Data entries:
- Opening Delimiter -
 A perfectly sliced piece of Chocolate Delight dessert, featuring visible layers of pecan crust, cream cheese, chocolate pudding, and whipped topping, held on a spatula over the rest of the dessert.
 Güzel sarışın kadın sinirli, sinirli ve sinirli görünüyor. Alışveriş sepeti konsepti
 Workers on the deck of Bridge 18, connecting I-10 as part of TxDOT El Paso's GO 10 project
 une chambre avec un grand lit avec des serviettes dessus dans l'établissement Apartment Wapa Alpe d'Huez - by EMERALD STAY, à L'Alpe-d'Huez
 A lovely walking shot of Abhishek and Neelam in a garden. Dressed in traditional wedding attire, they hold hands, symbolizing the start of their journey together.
- Closing Delimiter -
- Opening Delimiter -
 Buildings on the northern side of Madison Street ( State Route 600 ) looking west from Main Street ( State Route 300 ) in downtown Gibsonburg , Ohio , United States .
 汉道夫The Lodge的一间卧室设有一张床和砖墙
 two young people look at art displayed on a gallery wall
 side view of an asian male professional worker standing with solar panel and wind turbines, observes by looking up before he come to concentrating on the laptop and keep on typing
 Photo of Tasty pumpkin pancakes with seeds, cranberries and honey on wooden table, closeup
- Closing Delimiter -
Task description
Of the entries above, repeat exactly the lines from the line with "une chambre avec" through the line with "A lovely walking", both of them included.

Response to this exercise
 une chambre avec un grand lit avec des serviettes dessus dans l'établissement Apartment Wapa Alpe d'Huez - by EMERALD STAY, à L'Alpe-d'Huez
 A lovely walking shot of Abhishek and Neelam in a garden. Dressed in traditional wedding attire, they hold hands, symbolizing the start of their journey together.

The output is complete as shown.